▸ **Exercise goal**
Using the records below, copy exactly the part that opens with the line holding "14 Corner Meadows" and closes with the line holding "Tour of Paris", minus the pictures.

▸ **Exercise data**
────

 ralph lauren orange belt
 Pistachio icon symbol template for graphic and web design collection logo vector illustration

────

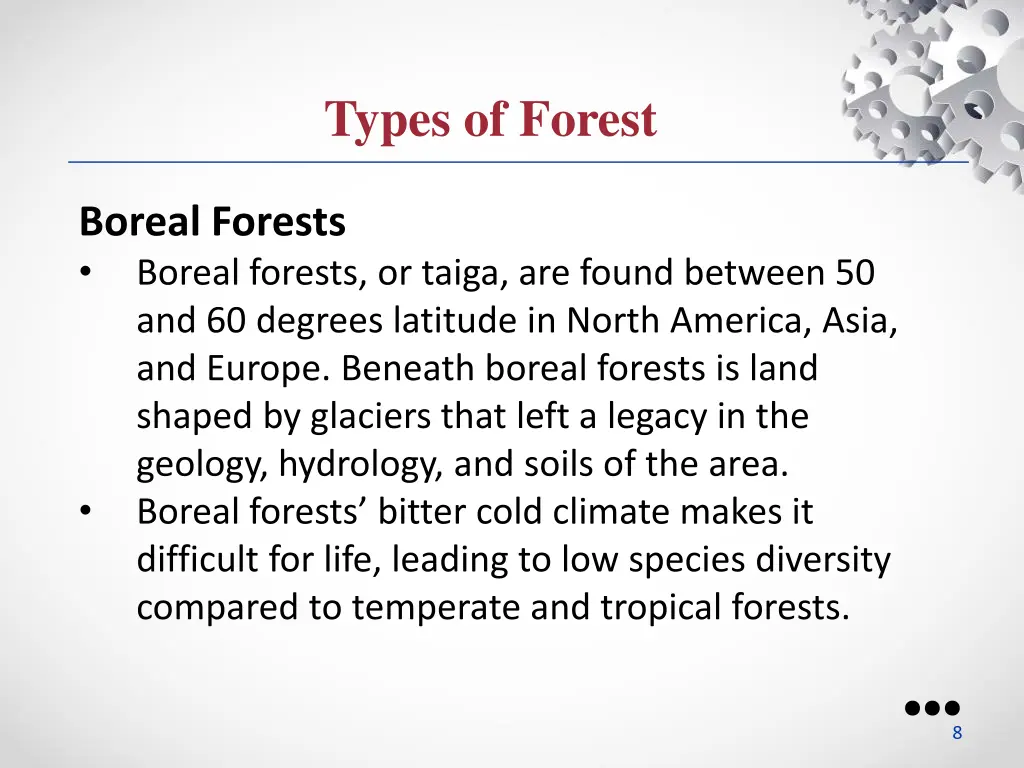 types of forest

────

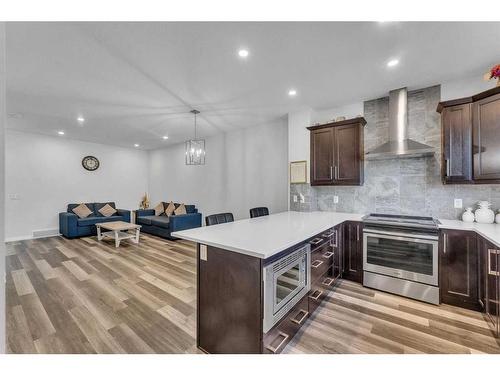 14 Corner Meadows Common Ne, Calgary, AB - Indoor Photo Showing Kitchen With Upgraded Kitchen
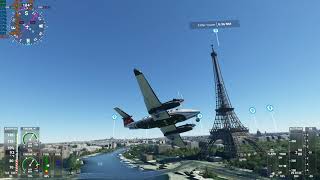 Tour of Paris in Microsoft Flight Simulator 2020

────

▸ **Task solution**
 14 Corner Meadows Common Ne, Calgary, AB - Indoor Photo Showing Kitchen With Upgraded Kitchen
 Tour of Paris in Microsoft Flight Simulator 2020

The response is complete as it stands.